For people who are seeking career opportunities with substantial future growth potential, data science is a smart choice. The Bureau of Labor Statistics predicts a 35% growth rate through 2032, with an average of 17,700 new jobs available each year during that decade. 

Of course, you don’t necessarily want to choose a career path simply based on the numbers. For students, career switchers, and others considering a career in data science, understanding the typical responsibilities, day-to-day activities, work environment of this role can help you decide if this type of job is a good fit. 

What do data scientists do?

The short answer to this question is that data scientists use analytics and problem-solving skills to gain insights from large volumes of data. This information is then used by their company in a variety of ways, from development of new business strategy to improving their marketing to customers. 

One of the problems with pinpointing what data scientists do is that the field is quite varied. Organizations across industries have a need for data science skills but they don’t all use the insight gained from those techniques for the same things.
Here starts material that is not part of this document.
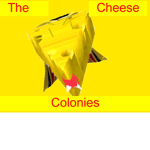 The cheese colonies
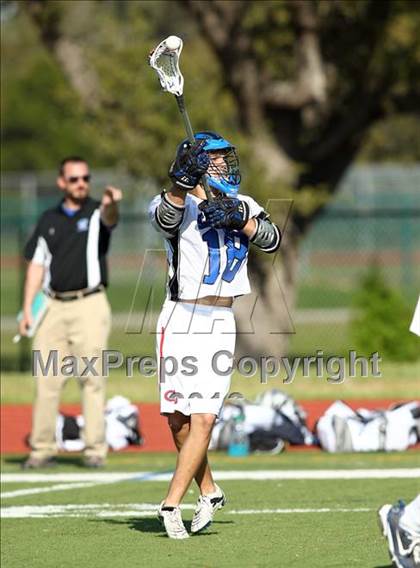 Thumbnail 3 in Vandegrift vs. Georgetown photogallery.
The exact approach these professionals use to create data visualizations and models to analyze a dataset will vary depending on the project and what results the organization hopes to achieve. 

In a big-picture sense, the work of a data scientist starts with research. Before they can conduct an analysis, they need to determine what data sources are available and gather the relevant information from databases, web-scraping tools, and other techniques. Once they’ve collected the right data, the next step is to categorize and “clean” this raw data into structured, readable sets.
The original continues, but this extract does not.